The mathematical study of chaotic systems is usually done via the iterations of a map, which represents the time evolution. The goal is to obtain the maximum of information on the orbits of this map, that is the evolution of the system under time evolution.

An important point is that, even if the situation is chaotic (in the sense described above) the systems still get some regularity at a larger time scale. Most of the trajectories have the same behaviour if we let the system go for sufficiently long time. To use the image of the billiard, even if the real play is not the theoretical one, if the ball has sufficient energy, then statistically, it will eventually visit the whole border of the billiard with a deterministic law.

Some of the results obtained with support of DYNEURBRAZ involve the notion of phase transitions and the mathematical way to describe them. A phase transition is, in physics, for instance the boiling water. But recent researches in astronomy go in the direction that the big bang was not a big explosion, but a kind of phase transition. This illustrates what we means when we talk about 'larger time scale' and then, why we said the present researches are theoretical. As the research deal with the study of this kind of phenomenon, no direct consequence in the common life is a priori expected.

The programme was divided in 3 work packages (WPs):

The first concerned system with low disorder, that is quasi-periodic systems. A periodic system is for instance a crystal, or a regular tilling of the plane. A quasi-periodic system is not periodic but almost periodic. These kind of problems (see e.g. the well-known Penrose tilling) are related to number theory (for instance how numbers can be written in another basis than the usual 10-basis).

The principal result obtained via DYNEURBRAZ are then related to the classification of numbers with respect to their writing in different basis, and also some result describing orbits for systems (the 'contracting interval exchange') with low complexity / disorder.

The second WP deals with systems of higher complexity, that is systems with positive entropy. For most of them, the entropy is generated by a special behaviour called 'hyperbolic'. Then, two kinds of results were obtained via the DYNEURBRAZ project.

Firstly, the quantification of the number of systems that have this hyperbolic behaviour, or, somehow equivalently, the random pick of a system amongst all the possible systems with some restrictive conditions, the frequency with which we choose a hyperbolic one.

Secondly, a description of such a system. We said above that 'statistically' all the trajectories have the same behaviour. The goal was to define what 'statistically' means. There are usually several ways to define it, and the aim was to describe these different ways and show that some are more relevant than others. To refer to phase transition mentioned above, if several ways to define statistically are relevant, then there is a phase transition: at 100 degrees of Celsius the water is either liquid or vapour, and both states yield different 'statistics'.

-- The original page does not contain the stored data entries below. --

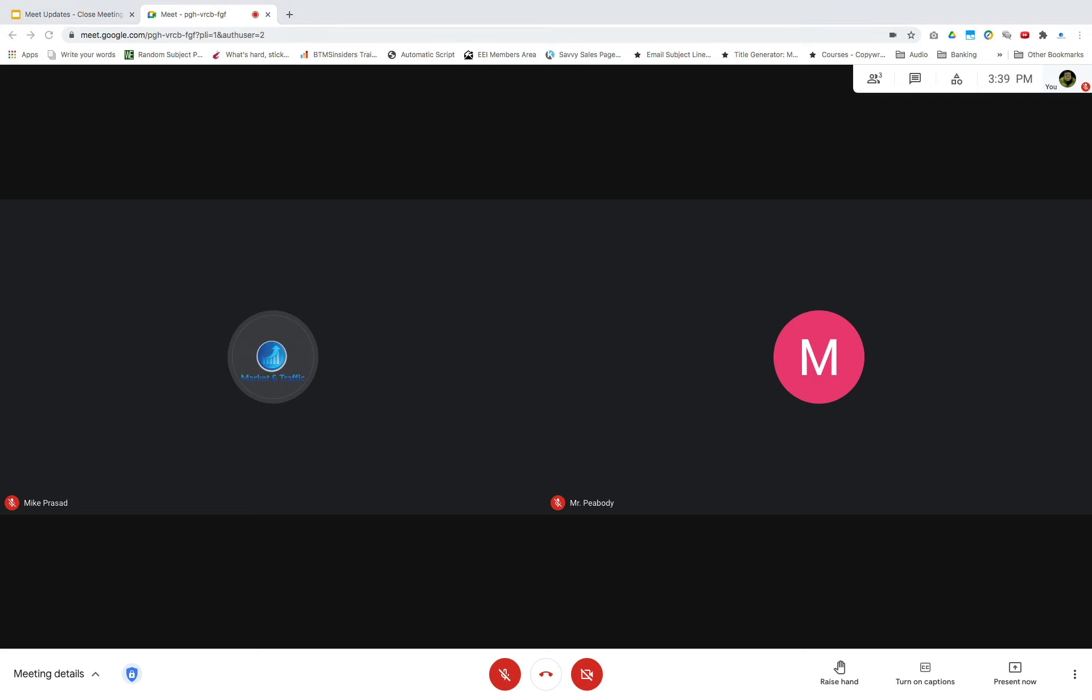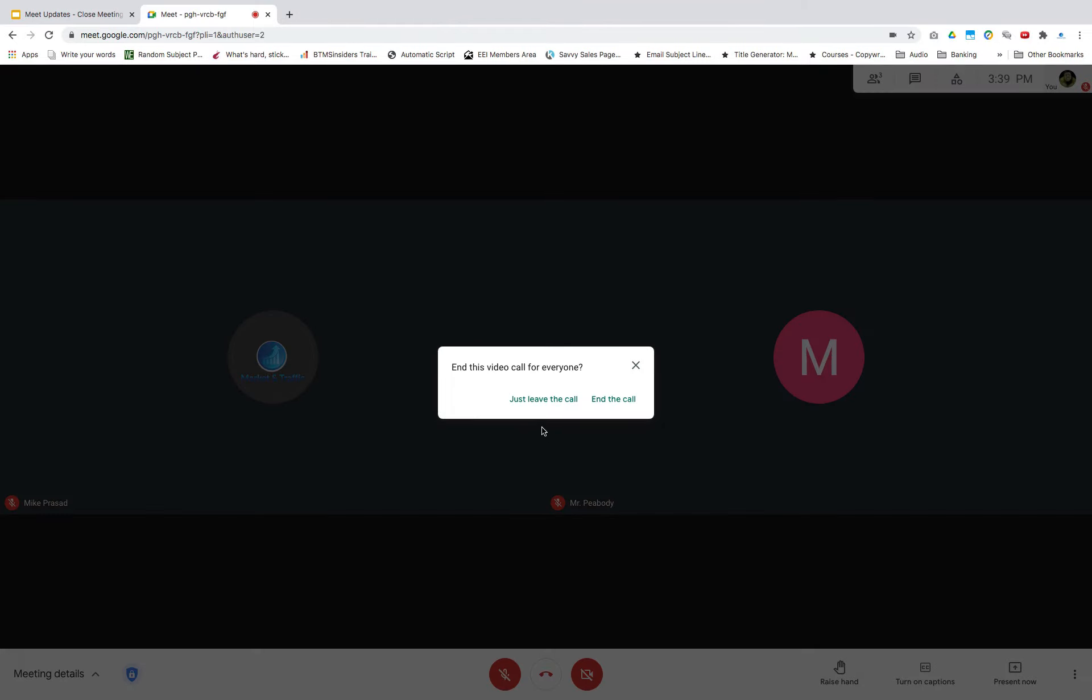Now, as a host, if you're using a recurring meet link, and if you're okay with people joining the meet before you arrive, just click just leave the call.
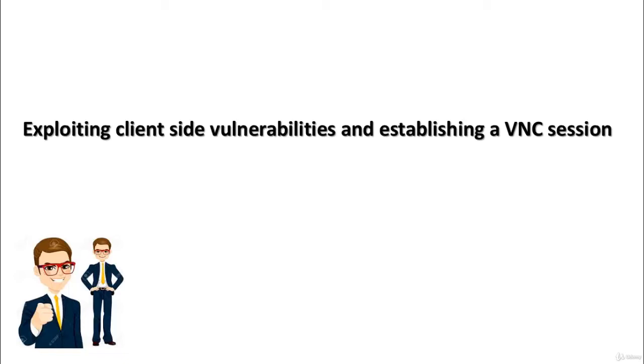Exploiting client-side vulnerabilities and establishing a VNC session. In this video, I will show you how an attacker can exploit vulnerabilities of the target system and establish a VNC connection.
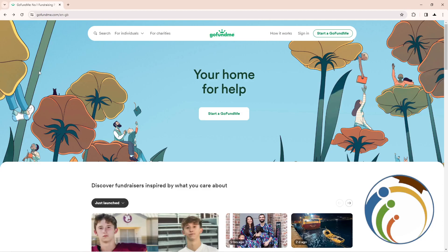Hello guys, today I'm going to show you how you can change the language on GoFundMe. Let's do it.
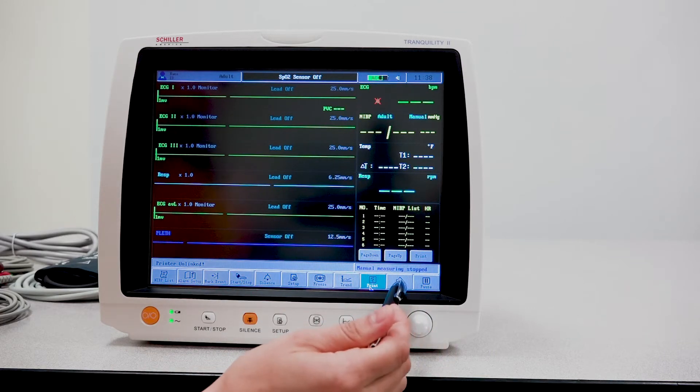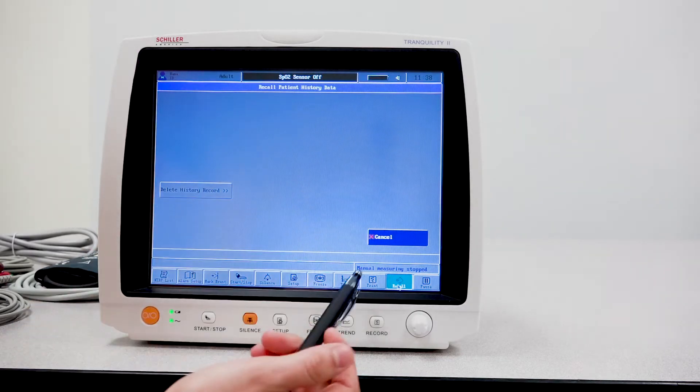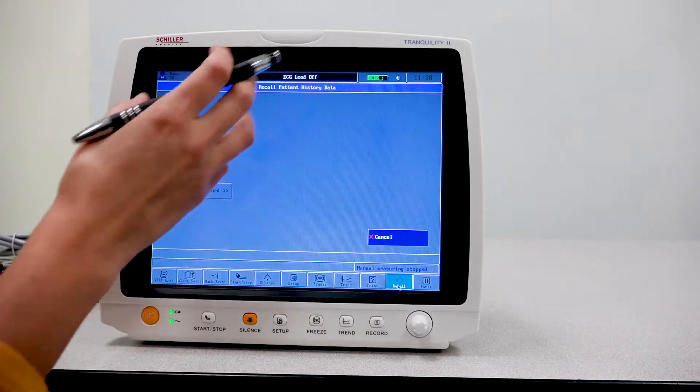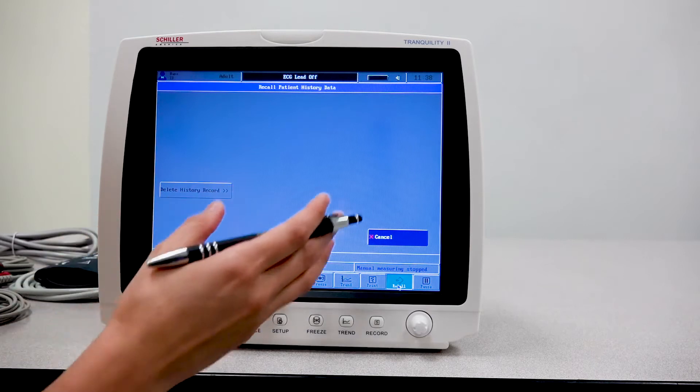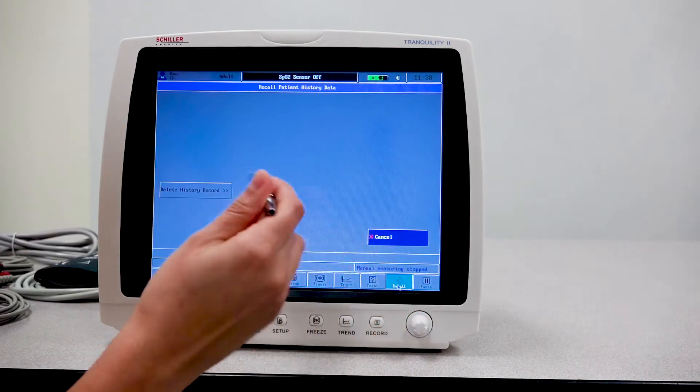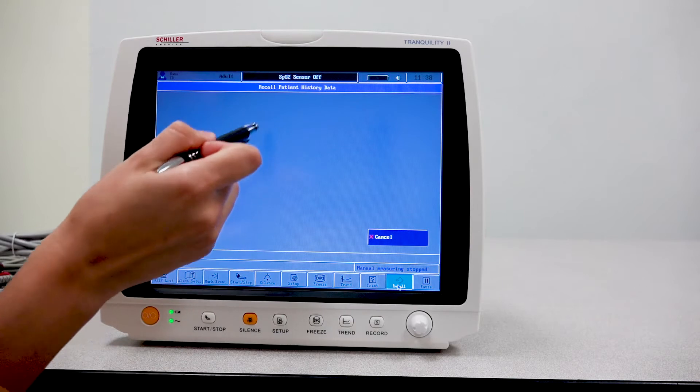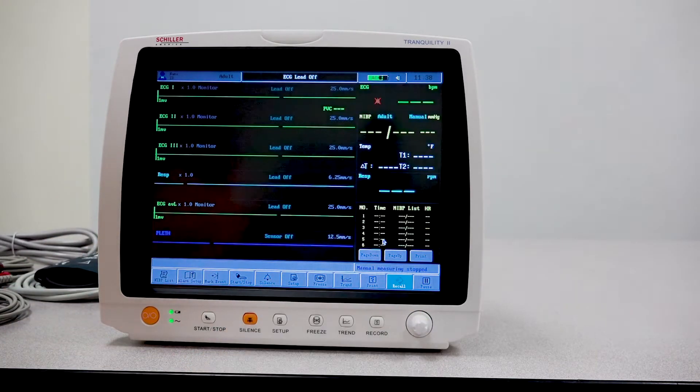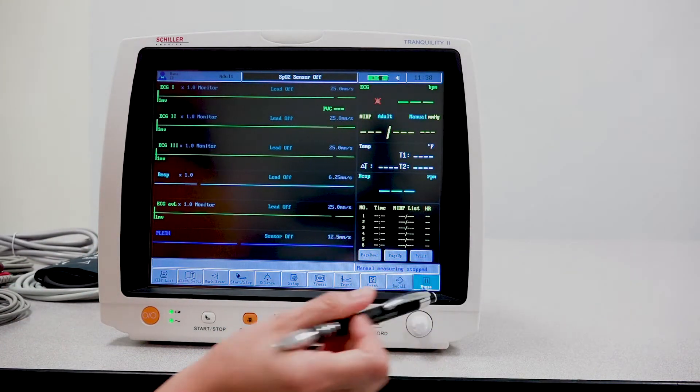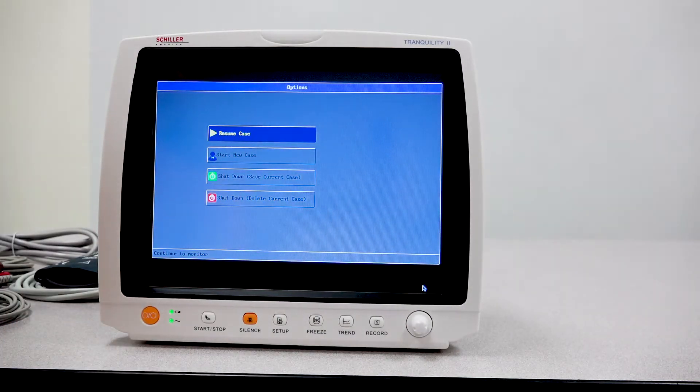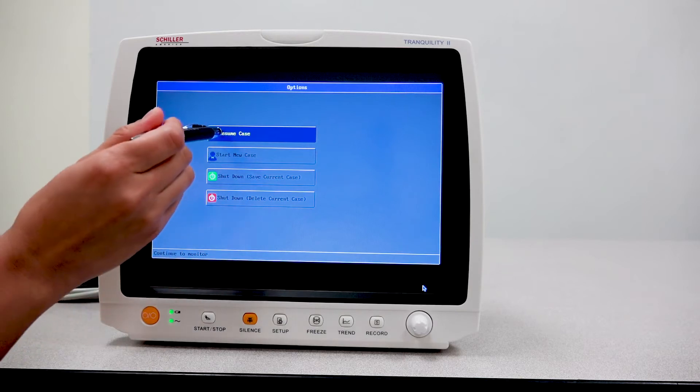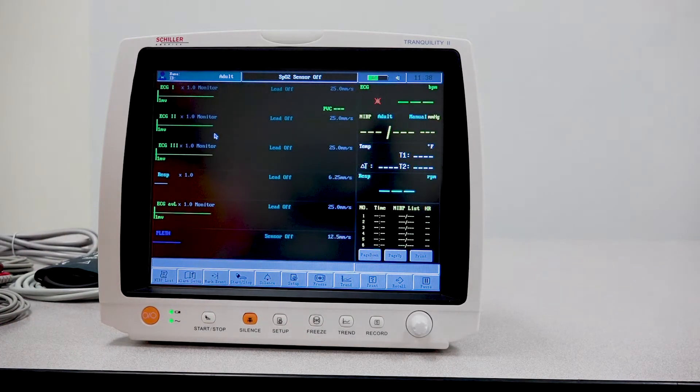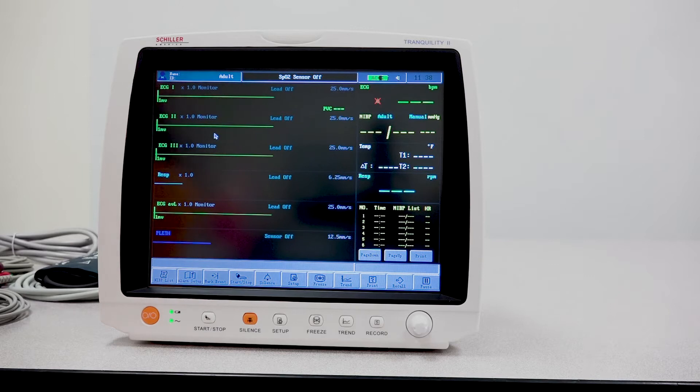Your next option is a recall option. This allows you to recall patient measurements or patient data from prior moments or prior times. You'll just select and it will be displayed here. And then pause will just pause everything. Once the doctor or nurse is ready to resume again, they'll press resume case and back to the main screen we go.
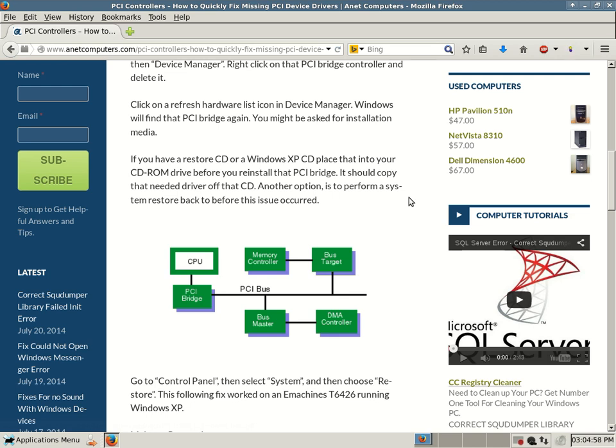You can always browse to anetcomputers.com for other possible potential fixes for your most common computer problems. Thank you for listening.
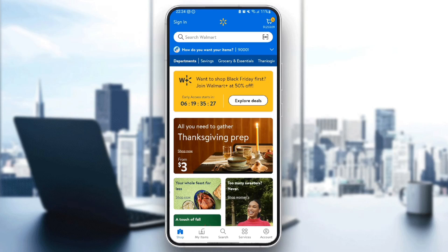As you can see guys, I'm right now on Walmart's app on my phone. So this is how the homepage looks like. As you can see here in the bottom, you're going to find all of the sections: the shop section, which is the home section, my items, search services, and lastly, account.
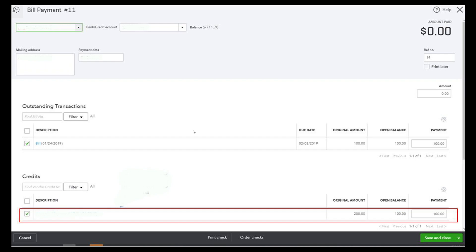Sometimes you might make advanced payments to suppliers for goods or services. These prepayments are recorded as a supplier credit until they are applied to specific invoices or purchases. By applying supplier credits in QuickBooks you ensure that your financial records are accurate and up to date, which is crucial for effective cash flow management and financial reporting.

The last WP concerned bifurcation theory. The goal was to study regularity of the solutions of some ordinary differential equations (ODEs) or partial differential equations (PDEs). We remind that these equations involve a relation between a function and its derivatives as the velocity, the acceleration and so on. These equations depend on some parameters and, every small random change of these parameters yields completely different solutions. This is what we mean by 'bifurcation'. The project aimed to lay the foundations for the development of a bifurcation theory for random dynamical systems, which are highly relevant to applications but surprisingly almost unexplored.

Beyond this, results were obtained to develop a mathematical theory for the emergence of structured synchronisation in heterogeneous networks of interacting dynamical systems (to describe e.g. neurons interactions).

An important work was also done in view to classify the type of singularities / bifurcation, that is the set of parameters which are at the border between to different dynamics.